» Brief:
Set down each line from the start of the material exactly, please, up to and including the one that contains "Thumbnail: 2013 Chrysler Town & Country - 13".
========================================================================
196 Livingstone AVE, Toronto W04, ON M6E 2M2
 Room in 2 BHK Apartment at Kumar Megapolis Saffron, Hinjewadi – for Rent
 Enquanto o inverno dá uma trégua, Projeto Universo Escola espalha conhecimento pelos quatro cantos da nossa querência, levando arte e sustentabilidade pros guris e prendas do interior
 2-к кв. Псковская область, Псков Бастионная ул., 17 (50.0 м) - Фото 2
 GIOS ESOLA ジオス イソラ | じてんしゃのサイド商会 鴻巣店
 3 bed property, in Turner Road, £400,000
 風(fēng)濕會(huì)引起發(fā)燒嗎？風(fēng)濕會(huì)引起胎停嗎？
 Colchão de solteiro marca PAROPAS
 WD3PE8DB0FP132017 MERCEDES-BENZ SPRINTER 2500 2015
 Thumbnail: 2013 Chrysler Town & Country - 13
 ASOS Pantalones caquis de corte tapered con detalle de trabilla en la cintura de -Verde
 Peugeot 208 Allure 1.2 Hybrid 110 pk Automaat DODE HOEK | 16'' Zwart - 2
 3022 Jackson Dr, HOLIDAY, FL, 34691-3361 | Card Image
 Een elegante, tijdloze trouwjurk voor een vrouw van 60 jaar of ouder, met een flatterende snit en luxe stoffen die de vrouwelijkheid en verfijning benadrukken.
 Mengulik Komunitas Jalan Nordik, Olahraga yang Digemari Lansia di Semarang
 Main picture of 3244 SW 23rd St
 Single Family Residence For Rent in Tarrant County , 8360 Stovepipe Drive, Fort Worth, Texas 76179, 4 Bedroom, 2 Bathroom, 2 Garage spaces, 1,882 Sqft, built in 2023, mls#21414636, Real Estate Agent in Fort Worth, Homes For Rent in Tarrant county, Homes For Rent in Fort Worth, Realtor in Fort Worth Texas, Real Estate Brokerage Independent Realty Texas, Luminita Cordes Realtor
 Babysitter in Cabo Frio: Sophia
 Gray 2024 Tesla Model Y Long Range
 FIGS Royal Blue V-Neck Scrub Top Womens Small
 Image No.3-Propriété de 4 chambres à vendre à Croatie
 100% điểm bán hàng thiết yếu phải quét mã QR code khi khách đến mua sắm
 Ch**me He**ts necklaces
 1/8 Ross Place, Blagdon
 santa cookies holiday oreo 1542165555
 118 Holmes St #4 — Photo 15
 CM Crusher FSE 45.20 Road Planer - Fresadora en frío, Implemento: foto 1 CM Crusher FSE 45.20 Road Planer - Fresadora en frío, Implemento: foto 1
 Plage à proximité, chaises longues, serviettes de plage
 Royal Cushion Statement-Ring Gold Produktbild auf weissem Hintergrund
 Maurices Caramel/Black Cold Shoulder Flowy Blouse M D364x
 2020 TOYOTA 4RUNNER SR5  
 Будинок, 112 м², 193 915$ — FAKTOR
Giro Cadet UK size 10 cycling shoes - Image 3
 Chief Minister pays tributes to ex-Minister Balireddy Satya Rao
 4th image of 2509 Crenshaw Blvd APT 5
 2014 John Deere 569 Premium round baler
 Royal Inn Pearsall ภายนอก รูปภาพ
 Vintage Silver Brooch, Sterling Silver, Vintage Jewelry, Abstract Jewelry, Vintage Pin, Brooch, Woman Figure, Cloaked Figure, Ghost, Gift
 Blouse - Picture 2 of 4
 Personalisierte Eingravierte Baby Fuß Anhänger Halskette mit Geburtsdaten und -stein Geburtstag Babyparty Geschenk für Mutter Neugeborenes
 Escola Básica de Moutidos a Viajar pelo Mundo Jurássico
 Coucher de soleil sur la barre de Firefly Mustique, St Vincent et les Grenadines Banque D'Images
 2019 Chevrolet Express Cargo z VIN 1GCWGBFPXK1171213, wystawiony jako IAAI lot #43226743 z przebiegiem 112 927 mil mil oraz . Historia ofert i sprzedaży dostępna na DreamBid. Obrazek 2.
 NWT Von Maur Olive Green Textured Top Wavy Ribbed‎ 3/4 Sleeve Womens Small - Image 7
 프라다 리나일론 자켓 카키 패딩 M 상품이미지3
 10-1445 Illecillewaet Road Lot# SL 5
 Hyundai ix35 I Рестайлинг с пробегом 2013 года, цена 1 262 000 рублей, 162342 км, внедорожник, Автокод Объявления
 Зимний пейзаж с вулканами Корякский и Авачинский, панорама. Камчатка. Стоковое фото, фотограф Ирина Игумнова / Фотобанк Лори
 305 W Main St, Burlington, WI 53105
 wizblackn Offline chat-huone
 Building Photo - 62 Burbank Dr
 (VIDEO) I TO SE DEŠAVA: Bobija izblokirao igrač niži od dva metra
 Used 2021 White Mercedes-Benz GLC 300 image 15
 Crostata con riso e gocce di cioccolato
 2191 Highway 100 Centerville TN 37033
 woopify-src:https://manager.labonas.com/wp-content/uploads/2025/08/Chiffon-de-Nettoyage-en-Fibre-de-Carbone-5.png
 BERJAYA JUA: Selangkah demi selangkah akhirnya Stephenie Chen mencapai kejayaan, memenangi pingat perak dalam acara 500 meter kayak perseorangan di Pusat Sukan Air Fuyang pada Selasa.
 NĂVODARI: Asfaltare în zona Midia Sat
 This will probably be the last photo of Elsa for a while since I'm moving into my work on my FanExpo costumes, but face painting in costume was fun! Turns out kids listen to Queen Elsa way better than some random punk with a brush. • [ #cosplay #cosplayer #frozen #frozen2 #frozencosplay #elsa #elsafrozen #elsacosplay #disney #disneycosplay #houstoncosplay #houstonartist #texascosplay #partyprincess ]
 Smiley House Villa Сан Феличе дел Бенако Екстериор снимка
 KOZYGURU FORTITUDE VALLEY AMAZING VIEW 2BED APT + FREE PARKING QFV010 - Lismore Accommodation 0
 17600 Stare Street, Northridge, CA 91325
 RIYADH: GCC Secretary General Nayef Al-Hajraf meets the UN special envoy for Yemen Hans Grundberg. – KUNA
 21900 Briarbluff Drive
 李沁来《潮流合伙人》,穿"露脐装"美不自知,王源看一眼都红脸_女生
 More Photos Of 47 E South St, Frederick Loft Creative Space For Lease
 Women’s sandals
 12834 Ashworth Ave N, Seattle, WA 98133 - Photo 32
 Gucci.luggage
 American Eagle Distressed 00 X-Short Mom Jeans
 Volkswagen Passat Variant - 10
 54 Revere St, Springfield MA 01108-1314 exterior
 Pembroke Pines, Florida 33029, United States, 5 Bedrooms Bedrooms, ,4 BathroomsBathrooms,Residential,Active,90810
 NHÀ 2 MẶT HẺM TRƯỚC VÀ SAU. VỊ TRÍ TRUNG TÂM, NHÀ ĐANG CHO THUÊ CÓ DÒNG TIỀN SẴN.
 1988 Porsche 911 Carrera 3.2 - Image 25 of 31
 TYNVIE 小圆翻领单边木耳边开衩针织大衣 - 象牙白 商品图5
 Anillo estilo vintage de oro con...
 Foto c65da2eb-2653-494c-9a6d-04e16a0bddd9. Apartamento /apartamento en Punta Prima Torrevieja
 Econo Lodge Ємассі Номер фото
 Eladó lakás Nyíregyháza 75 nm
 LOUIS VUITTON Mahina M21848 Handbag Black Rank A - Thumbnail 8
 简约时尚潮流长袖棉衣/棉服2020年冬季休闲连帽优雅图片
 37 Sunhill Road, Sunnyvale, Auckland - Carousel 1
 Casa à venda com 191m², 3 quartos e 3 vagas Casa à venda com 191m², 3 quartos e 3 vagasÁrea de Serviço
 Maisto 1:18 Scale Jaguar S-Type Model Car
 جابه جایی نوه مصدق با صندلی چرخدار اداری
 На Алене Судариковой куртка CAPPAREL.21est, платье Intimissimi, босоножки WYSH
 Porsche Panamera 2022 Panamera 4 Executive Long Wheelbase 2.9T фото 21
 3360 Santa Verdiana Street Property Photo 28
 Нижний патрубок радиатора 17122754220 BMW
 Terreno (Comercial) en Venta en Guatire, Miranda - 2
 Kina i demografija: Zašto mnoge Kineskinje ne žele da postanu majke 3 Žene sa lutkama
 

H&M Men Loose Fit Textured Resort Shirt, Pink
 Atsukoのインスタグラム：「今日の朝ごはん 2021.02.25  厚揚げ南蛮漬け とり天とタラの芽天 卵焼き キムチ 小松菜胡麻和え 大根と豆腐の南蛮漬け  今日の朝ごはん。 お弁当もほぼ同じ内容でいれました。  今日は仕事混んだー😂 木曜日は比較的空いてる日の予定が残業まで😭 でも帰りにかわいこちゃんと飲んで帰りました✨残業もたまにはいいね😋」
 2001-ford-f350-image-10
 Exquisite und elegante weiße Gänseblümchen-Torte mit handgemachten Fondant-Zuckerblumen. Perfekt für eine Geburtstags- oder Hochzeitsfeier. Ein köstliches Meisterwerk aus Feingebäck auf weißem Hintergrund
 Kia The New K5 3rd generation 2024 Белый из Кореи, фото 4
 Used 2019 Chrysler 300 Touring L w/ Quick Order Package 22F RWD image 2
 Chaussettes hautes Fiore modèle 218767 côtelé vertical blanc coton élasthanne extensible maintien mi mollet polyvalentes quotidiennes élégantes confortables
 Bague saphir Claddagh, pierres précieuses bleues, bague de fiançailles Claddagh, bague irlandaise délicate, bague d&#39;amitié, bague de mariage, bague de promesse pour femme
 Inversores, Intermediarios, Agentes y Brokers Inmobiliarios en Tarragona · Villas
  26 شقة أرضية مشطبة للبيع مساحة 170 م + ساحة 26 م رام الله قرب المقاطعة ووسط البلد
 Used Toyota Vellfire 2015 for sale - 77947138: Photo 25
========================================================================
» Result of the exercise:
196 Livingstone AVE, Toronto W04, ON M6E 2M2
 Room in 2 BHK Apartment at Kumar Megapolis Saffron, Hinjewadi – for Rent
 Enquanto o inverno dá uma trégua, Projeto Universo Escola espalha conhecimento pelos quatro cantos da nossa querência, levando arte e sustentabilidade pros guris e prendas do interior
 2-к кв. Псковская область, Псков Бастионная ул., 17 (50.0 м) - Фото 2
 GIOS ESOLA ジオス イソラ | じてんしゃのサイド商会 鴻巣店
 3 bed property, in Turner Road, £400,000
 風(fēng)濕會(huì)引起發(fā)燒嗎？風(fēng)濕會(huì)引起胎停嗎？
 Colchão de solteiro marca PAROPAS
 WD3PE8DB0FP132017 MERCEDES-BENZ SPRINTER 2500 2015
 Thumbnail: 2013 Chrysler Town & Country - 13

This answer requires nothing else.